Summer is over, and many families are seeking household help. Whether it’s an after-school sitter, a weekend caregiver, or an employee providing full-time or even 24 hour care, many families are employing domestic workers. Employees and employers have similar questions, concerns, and frustrations with payroll taxes. Of course, no one likes paying taxes. But more than that, employees and employers often don’t understand how the taxes are calculated and filed, or what benefit comes from paying taxes. Here’s an overview to help:
Domestic workers who have taxes withheld are paying in to Social Security and Medicare and receiving credit for their earnings history.

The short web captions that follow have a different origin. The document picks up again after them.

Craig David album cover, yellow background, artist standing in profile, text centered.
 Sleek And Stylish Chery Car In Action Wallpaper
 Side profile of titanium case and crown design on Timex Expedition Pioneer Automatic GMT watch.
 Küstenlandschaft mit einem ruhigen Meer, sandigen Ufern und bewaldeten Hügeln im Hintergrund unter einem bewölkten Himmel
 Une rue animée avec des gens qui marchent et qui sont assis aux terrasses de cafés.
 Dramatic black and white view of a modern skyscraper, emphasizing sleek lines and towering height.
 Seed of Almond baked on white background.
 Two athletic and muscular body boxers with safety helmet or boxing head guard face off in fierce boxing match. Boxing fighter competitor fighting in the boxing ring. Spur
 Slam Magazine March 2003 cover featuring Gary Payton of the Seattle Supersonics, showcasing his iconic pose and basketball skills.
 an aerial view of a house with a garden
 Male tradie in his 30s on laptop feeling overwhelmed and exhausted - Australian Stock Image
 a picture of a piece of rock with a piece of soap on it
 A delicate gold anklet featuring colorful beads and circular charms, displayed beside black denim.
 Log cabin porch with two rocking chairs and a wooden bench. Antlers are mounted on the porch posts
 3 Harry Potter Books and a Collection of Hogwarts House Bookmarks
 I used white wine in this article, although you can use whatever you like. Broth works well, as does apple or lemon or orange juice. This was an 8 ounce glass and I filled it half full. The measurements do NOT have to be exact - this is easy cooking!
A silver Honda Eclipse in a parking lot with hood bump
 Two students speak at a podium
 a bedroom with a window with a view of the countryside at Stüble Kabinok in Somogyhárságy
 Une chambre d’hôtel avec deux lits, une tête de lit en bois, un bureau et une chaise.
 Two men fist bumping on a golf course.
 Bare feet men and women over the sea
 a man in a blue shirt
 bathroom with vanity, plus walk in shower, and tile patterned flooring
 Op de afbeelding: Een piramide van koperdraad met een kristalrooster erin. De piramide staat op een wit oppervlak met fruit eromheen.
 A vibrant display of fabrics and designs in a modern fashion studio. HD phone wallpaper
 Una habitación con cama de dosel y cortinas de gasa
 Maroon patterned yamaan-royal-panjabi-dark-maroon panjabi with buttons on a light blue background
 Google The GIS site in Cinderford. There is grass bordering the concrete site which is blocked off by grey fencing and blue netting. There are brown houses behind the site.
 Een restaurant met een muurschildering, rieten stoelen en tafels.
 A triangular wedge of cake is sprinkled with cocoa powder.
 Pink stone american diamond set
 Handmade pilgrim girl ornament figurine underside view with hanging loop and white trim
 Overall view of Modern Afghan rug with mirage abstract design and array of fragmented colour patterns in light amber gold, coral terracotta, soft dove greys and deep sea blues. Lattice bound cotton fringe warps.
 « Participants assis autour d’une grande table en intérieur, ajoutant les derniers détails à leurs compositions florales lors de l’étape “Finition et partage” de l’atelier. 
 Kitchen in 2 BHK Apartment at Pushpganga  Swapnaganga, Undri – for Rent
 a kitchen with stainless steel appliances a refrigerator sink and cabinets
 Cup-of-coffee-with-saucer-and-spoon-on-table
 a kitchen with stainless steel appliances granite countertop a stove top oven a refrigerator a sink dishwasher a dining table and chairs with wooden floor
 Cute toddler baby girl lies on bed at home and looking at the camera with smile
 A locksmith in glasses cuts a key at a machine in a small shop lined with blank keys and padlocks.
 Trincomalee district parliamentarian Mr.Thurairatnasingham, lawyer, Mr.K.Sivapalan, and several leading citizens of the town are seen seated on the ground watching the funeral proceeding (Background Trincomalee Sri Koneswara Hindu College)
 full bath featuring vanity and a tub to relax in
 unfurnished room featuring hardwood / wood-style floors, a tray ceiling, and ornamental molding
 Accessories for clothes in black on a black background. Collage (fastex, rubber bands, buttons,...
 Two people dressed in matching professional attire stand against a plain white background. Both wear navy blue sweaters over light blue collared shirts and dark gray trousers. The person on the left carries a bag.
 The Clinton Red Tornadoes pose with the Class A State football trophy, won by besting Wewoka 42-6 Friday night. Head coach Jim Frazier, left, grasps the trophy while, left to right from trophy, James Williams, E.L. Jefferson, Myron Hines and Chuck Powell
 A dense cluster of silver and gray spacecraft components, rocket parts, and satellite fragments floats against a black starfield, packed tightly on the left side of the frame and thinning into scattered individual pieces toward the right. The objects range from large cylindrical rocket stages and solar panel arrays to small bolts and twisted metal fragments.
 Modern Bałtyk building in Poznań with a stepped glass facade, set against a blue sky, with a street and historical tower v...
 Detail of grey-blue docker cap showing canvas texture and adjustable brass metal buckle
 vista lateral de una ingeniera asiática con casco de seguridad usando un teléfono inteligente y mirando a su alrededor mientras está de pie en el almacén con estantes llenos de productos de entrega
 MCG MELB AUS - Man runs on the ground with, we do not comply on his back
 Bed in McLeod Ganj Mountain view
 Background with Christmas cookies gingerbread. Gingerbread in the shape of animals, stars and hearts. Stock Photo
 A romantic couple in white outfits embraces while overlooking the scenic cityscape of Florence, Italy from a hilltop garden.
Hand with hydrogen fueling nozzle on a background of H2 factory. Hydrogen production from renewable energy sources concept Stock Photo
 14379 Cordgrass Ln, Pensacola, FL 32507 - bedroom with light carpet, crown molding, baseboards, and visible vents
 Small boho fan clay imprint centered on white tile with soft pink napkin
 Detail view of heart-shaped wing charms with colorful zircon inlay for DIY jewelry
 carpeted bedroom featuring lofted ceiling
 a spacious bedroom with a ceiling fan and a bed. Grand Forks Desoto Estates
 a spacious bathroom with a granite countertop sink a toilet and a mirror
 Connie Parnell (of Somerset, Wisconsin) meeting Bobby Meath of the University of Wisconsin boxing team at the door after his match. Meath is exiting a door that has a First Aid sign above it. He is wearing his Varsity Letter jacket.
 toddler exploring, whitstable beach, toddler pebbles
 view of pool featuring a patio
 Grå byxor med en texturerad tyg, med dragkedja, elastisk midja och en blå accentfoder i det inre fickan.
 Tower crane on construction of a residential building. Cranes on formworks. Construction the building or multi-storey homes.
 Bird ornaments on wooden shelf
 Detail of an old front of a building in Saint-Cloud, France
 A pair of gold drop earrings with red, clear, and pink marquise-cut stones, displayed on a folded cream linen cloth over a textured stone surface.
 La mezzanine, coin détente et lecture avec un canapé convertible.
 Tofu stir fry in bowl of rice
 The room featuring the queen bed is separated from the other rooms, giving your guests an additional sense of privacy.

These contributions strengthen this safety net for employees once they reach their retirement years.
Employees who are properly paid with taxes being withheld have an employment/payroll history which is useful should they want to take out a loan, rent an apartment, buy a car or house, or make similar large financial transactions. The employment history may also help build a credit history for the employee.
Household employees who have their wages reported and taxes withheld receive the same benefits and protections that other professionals receive. This includes being eligible for unemployment benefits when employment ends and possibly having workers’ compensation, paid sick leave, and disability insurance coverage should they be injured on the job or need to care for a loved one who needs aid (these insurance benefits vary by state and employment situation).
If a domestic employee who is paid under the table attempts to file for unemployment or make an insurance claim after a work-related injury, they, and their employer, would endure a lengthy process where the employment history would be audited and scrutinized which would not only delay/complicate the employee’s claim, but would likely lead to back taxes being owed by both the employer and employee, and potential legal claims as well.
Lastly, employees are paid legally and have taxes withheld and remitted will not need to agonize over how to handle their income when filing their personal tax return at the end of the year as they will receive a W-2.
It is the employer’s responsibility to confirm that their employee is eligible to work, along with reporting the wages paid, and withholding/remitting the payroll taxes. The consequences for not properly handling an employee’s wages and taxes falls almost entirely on the employer so employers are wise to stay firm in paying their household employee(s) legally.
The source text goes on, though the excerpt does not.